## What you will do
From the entries below, output the line with "4198 Kent Dr, Chandler" and each following line up to and including the line with "名古屋帯 優品 夏帯 八寸名古屋帯 縞 幾何学模様 クリーム 正絹｜中古", exactly as written.
Input data section start
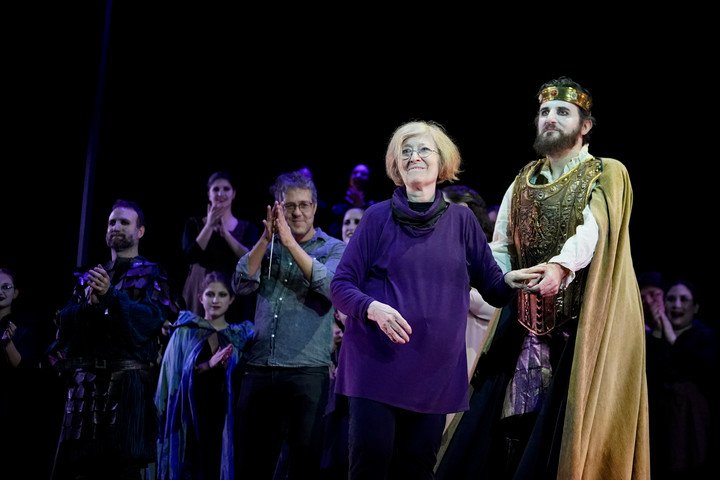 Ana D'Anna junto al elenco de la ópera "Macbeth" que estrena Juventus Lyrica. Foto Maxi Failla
Input data section end
Input data section start
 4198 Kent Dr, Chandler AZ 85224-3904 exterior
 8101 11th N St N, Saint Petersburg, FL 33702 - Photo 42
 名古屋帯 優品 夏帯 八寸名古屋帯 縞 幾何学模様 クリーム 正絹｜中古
Input data section end
## Exercise response
 4198 Kent Dr, Chandler AZ 85224-3904 exterior
 8101 11th N St N, Saint Petersburg, FL 33702 - Photo 42
 名古屋帯 優品 夏帯 八寸名古屋帯 縞 幾何学模様 クリーム 正絹｜中古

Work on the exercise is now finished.